Em decorrência de um pedido de serviços do Departamento de Espaços Verdes e Ação Climática da Câmara Municipal do Funchal ao Laboratório de Genética Humana da Universidade da Madeira, foi realizada uma pesquisa para identificar variantes genéticas ligadas à resistência a rodenticidas em populações de roedores na área do Funchal.
Nos últimos tempos, o crescimento da população de roedores em áreas urbanas tem suscitado preocupações crescentes entre as autoridades e a comunidade, visto que estes animais trazem riscos à saúde pública, causam danos em infraestruturas e têm um impacto econômico e ambiental significativo.

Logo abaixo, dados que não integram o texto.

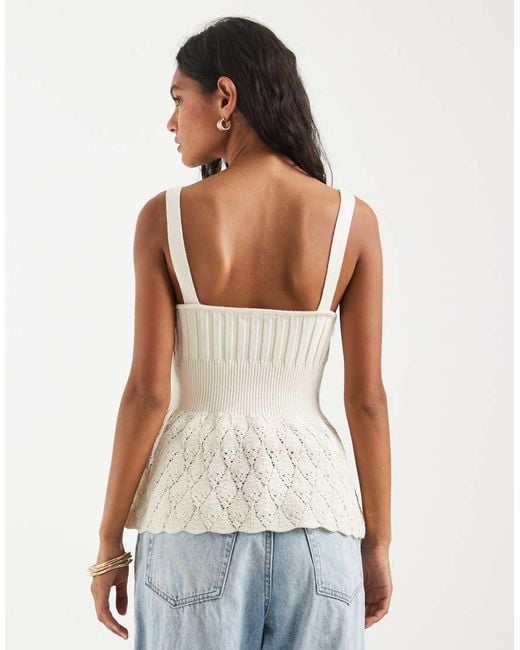Object White Knitted Peplum Hem Cami Top With Pointelle Detail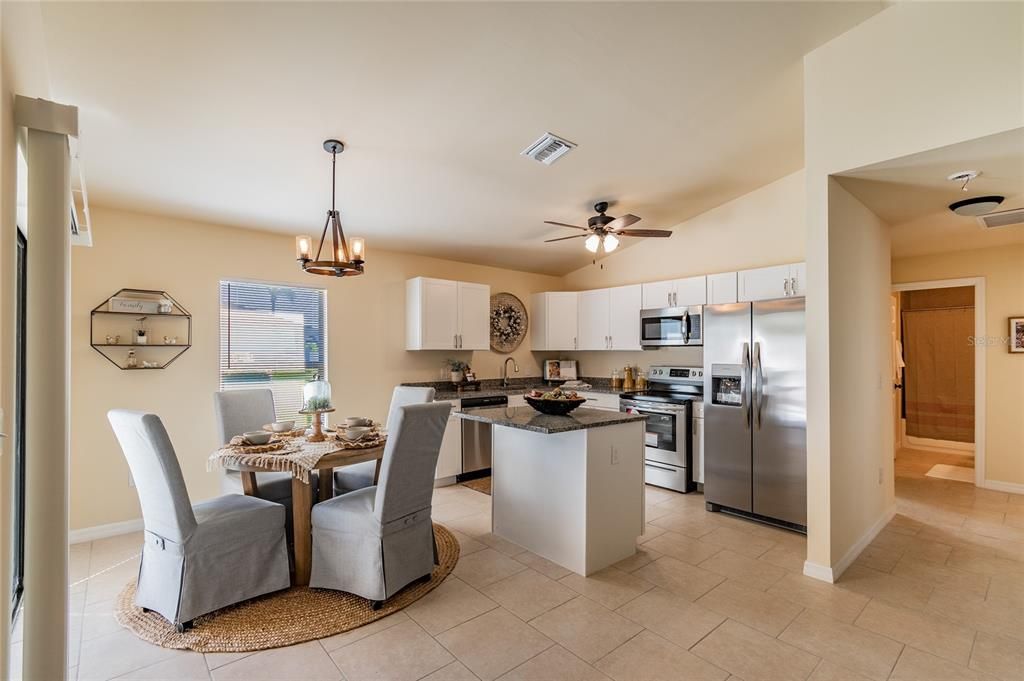 Digitally Staged Dining Area/Kitchen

Utilizando técnicas moleculares, foram investigadas variantes no gene vkorc1 – que é o alvo dos rodenticidas que inibem a vitamina K – em aproximadamente 100 roedores coletados de 12 locais e infraestruturas sob a responsabilidade da autarquia, abrangendo tanto áreas urbanas quanto periurbanas.

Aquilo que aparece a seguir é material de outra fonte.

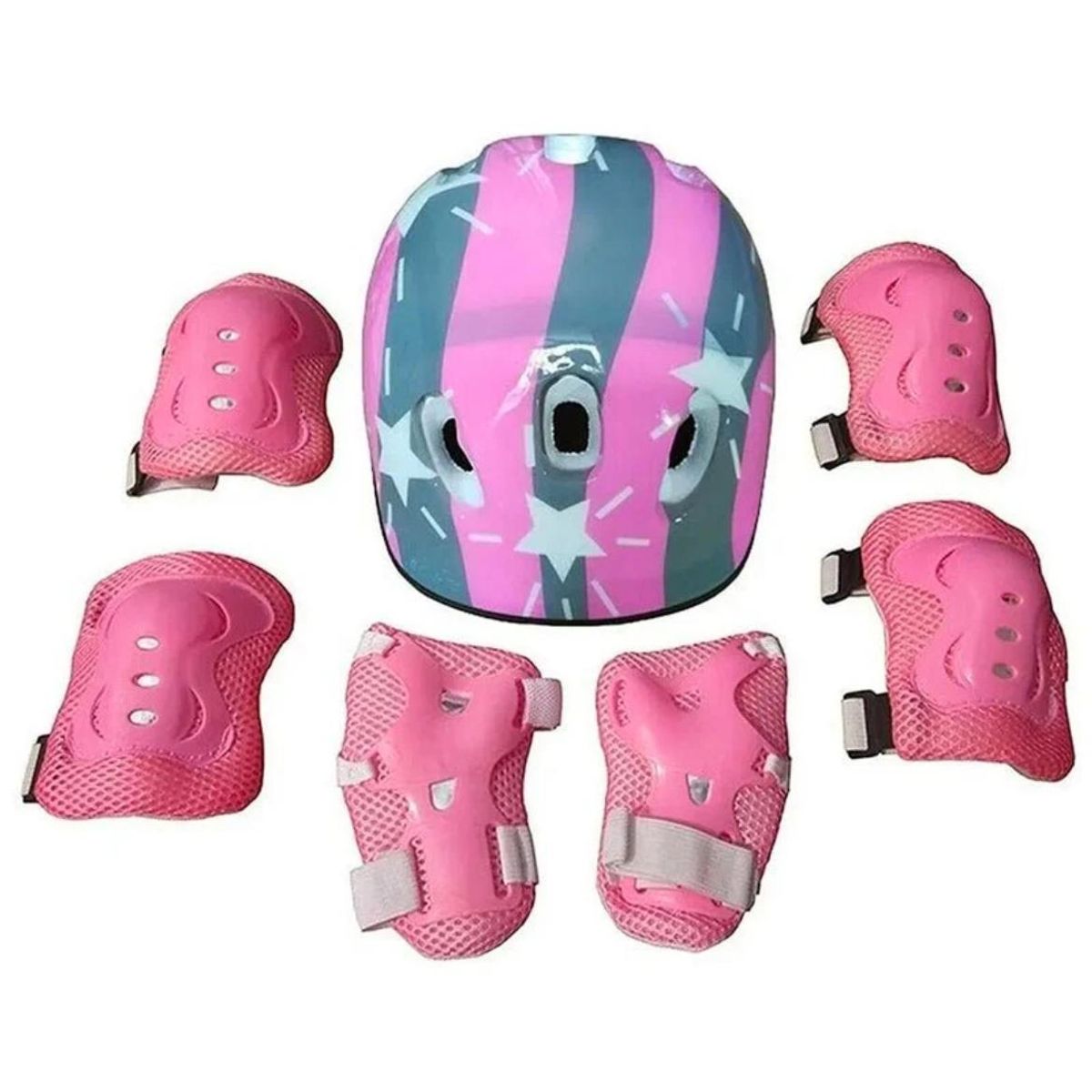 GENERICO - Set de Proteccion para Niños. 7 piezas Rosado con Estrellas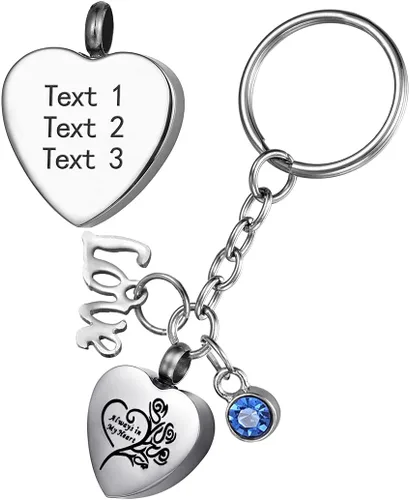 Miniatura 36 de Llavero de urna de recuerdo conmemorativo de joyería de cremación de acero inoxidable para cenizas, Acero inoxidable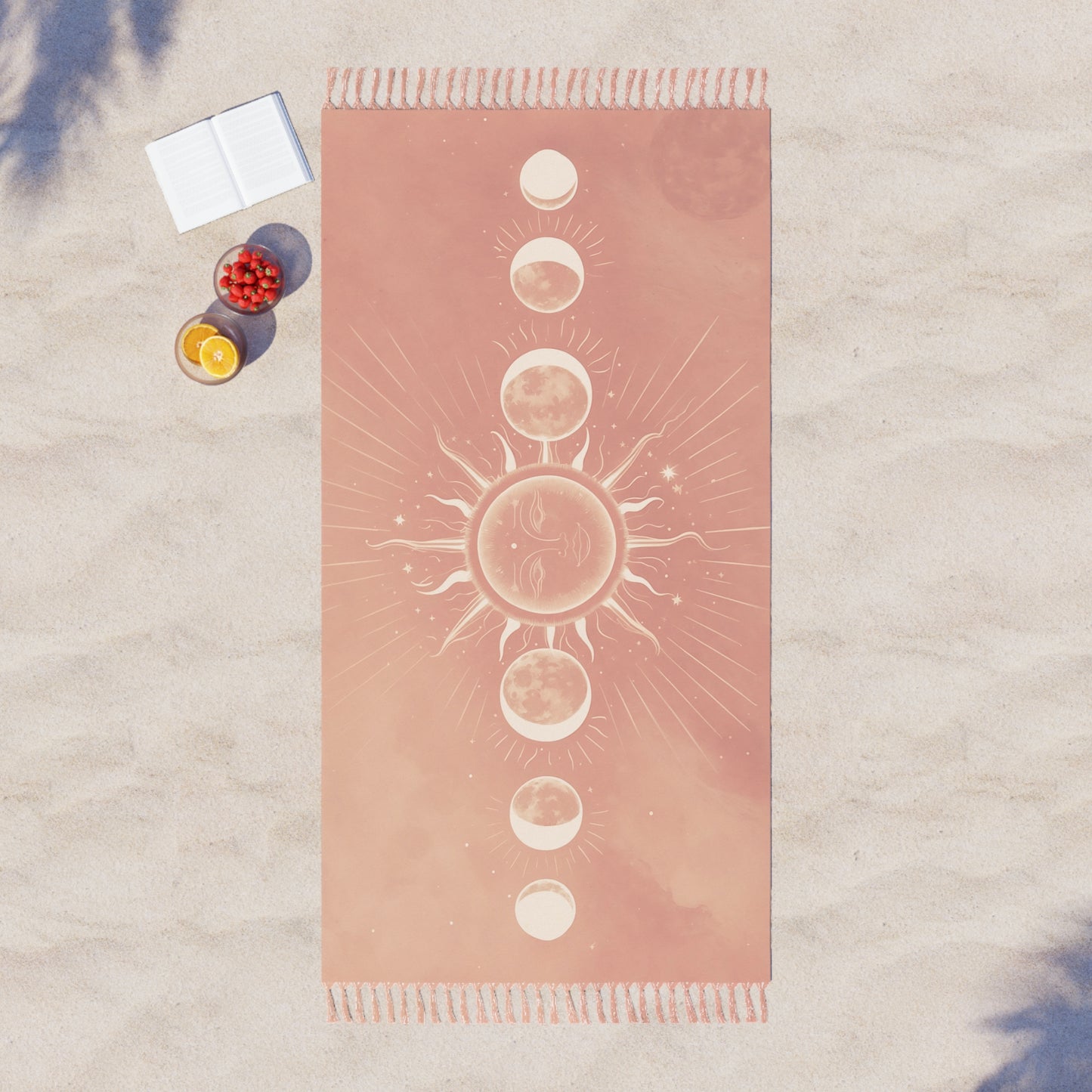 Boho Beach Cloth Sun Moon Cycle Vintage
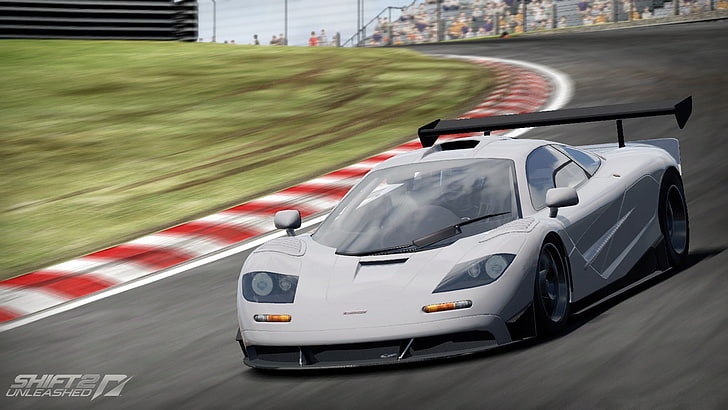 grey McLaren F1, Shift Unleashed 2, Need for Speed: Shift, mobil, need for speed: shift 2 unleashed, video games, Wallpaper HD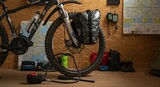 Mountain Bike Ready for Adventure Touring, Packed and Prepared for the Journey Ahead. Essential Gear Included.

Dentre os 46 ratos domésticos (Mus musculus domesticus) coletados em quatro regiões urbanas, 90% apresentaram variantes genéticas relacionadas à resistência moderada a elevada a rodenticidas de primeira ou segunda geração (como a varfarina, bromadialona e difenacoum), alcançando 100% de resistência em amostras de duas áreas urbanas nas freguesias de Santo António e Imaculado Coração de Maria. Adicionalmente, 17% desses roedores possuem genótipos que possivelmente conferem resistência a rodenticidas mais potentes, como brodifacoum e difetialona, indicando assim um potencial genético para o avanço da resistência.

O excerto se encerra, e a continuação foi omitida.